__Work instruction__
Go to the line below that has "Datejust 31", print it and each line after it exactly, and stop after the line that has "ULIRVISION       TC700G       非制冷热像机芯"; leave out pictures.

__Dataset records__
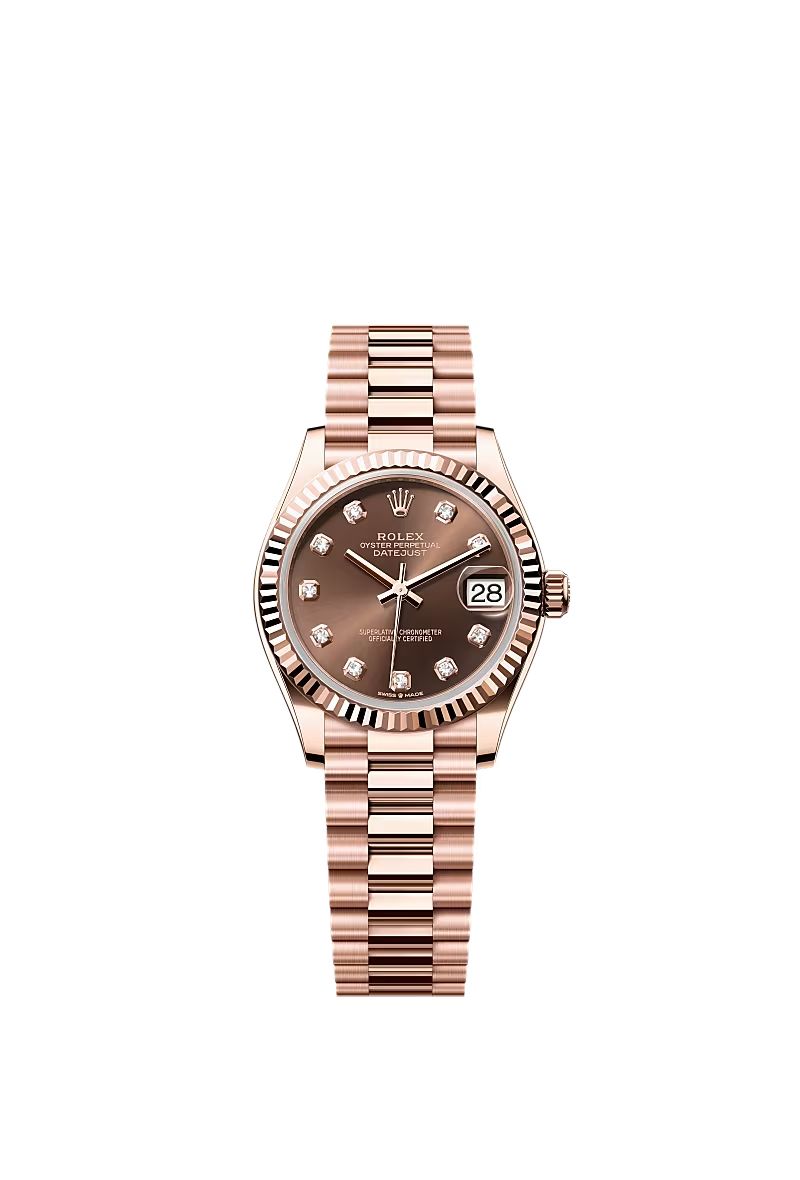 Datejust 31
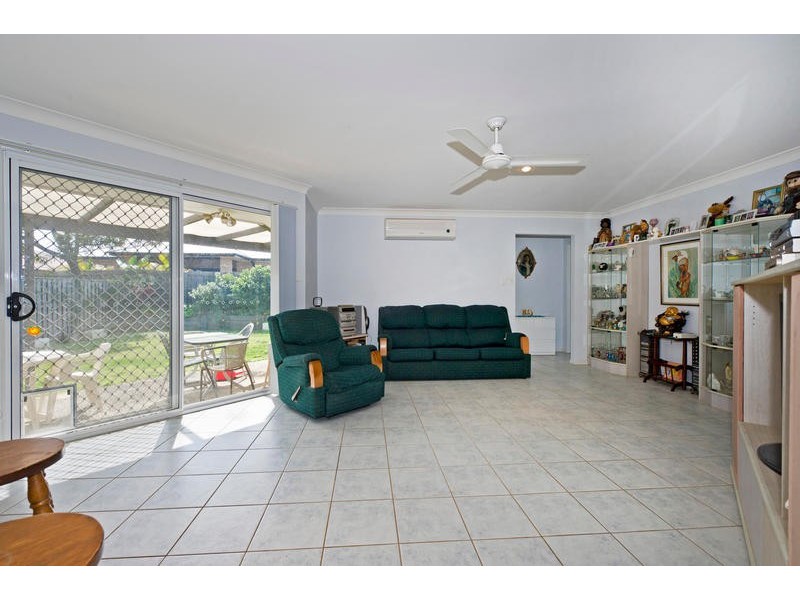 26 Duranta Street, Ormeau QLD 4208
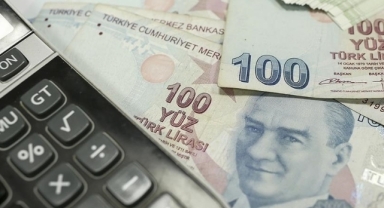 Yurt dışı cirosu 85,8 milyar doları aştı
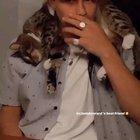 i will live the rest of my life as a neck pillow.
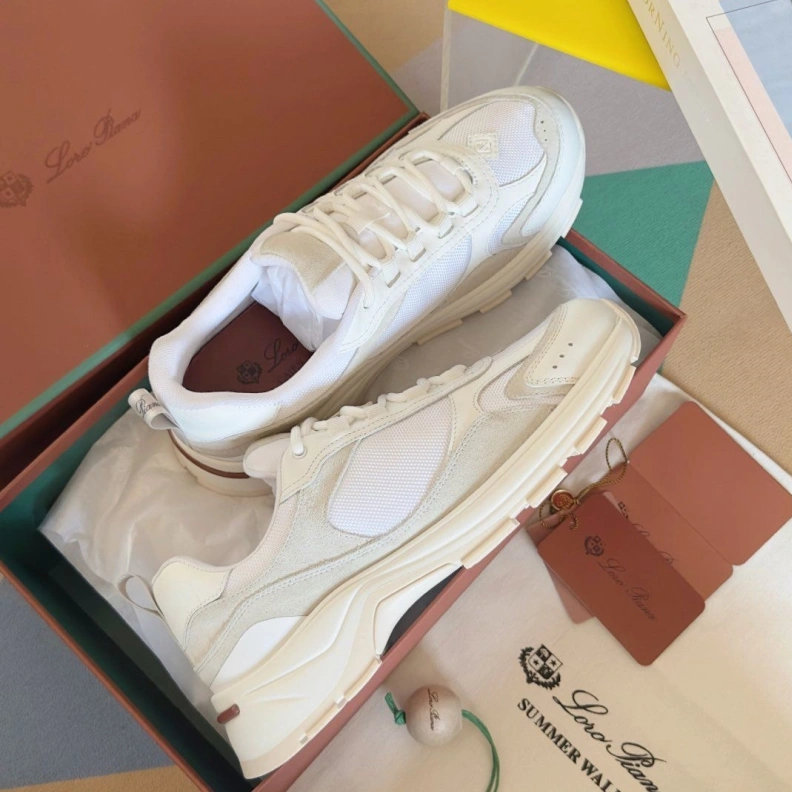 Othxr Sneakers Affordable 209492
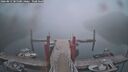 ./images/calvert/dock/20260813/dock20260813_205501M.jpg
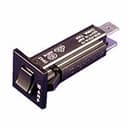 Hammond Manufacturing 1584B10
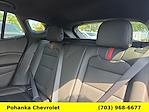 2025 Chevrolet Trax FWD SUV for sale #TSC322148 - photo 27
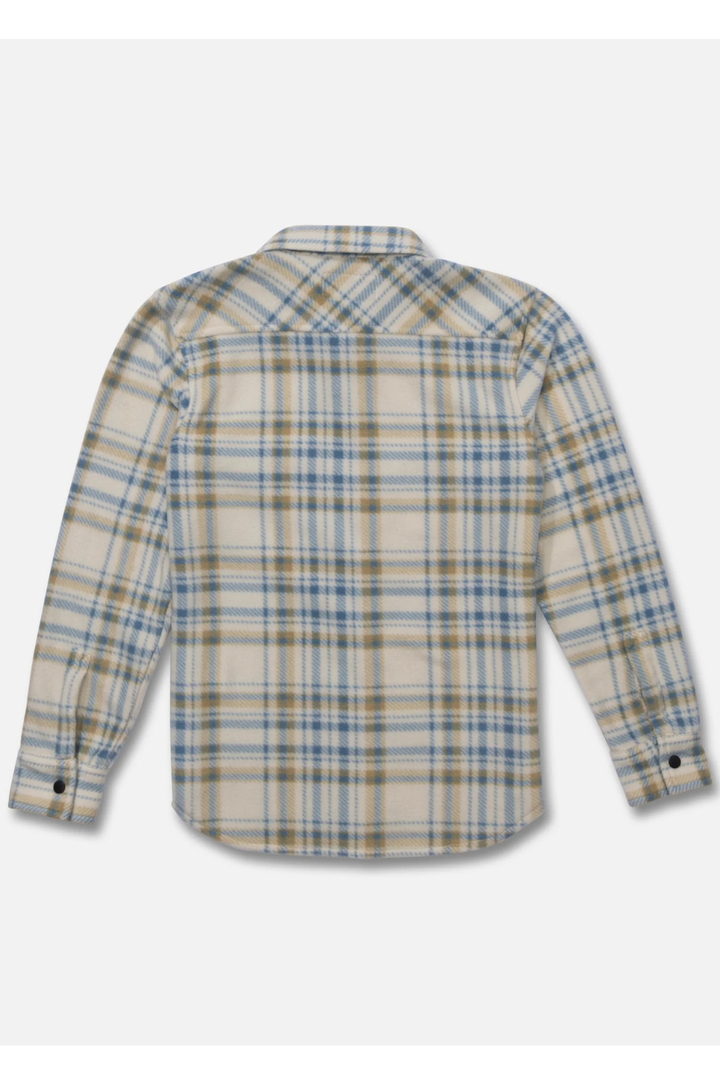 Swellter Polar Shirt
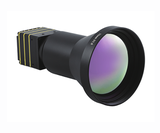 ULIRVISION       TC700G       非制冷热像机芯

==

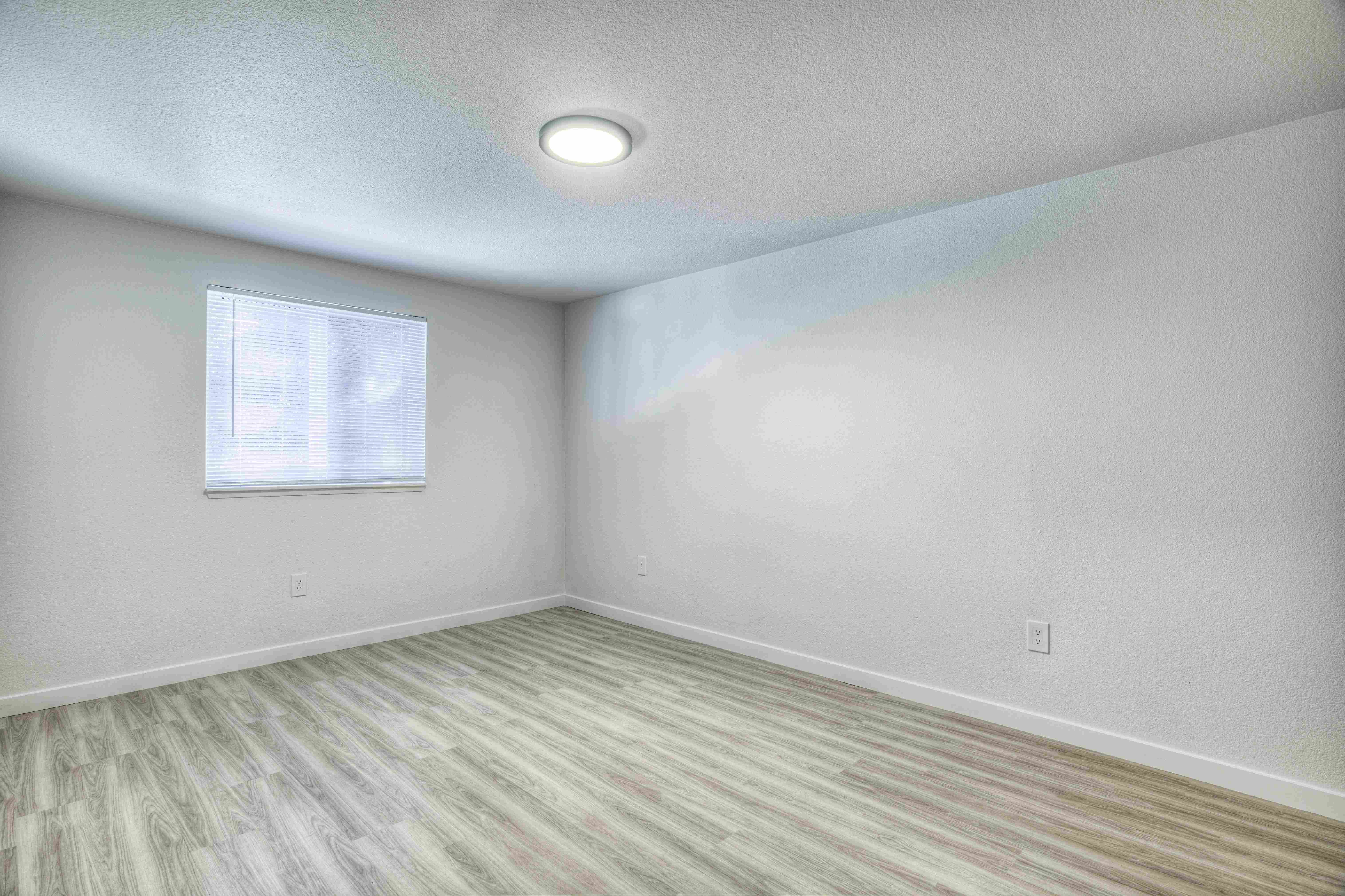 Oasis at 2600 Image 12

__Output of the exercise__
 Datejust 31
 26 Duranta Street, Ormeau QLD 4208
 Yurt dışı cirosu 85,8 milyar doları aştı
 i will live the rest of my life as a neck pillow.
 Othxr Sneakers Affordable 209492
 ./images/calvert/dock/20260813/dock20260813_205501M.jpg
 Hammond Manufacturing 1584B10
 2025 Chevrolet Trax FWD SUV for sale #TSC322148 - photo 27
 Swellter Polar Shirt
 ULIRVISION       TC700G       非制冷热像机芯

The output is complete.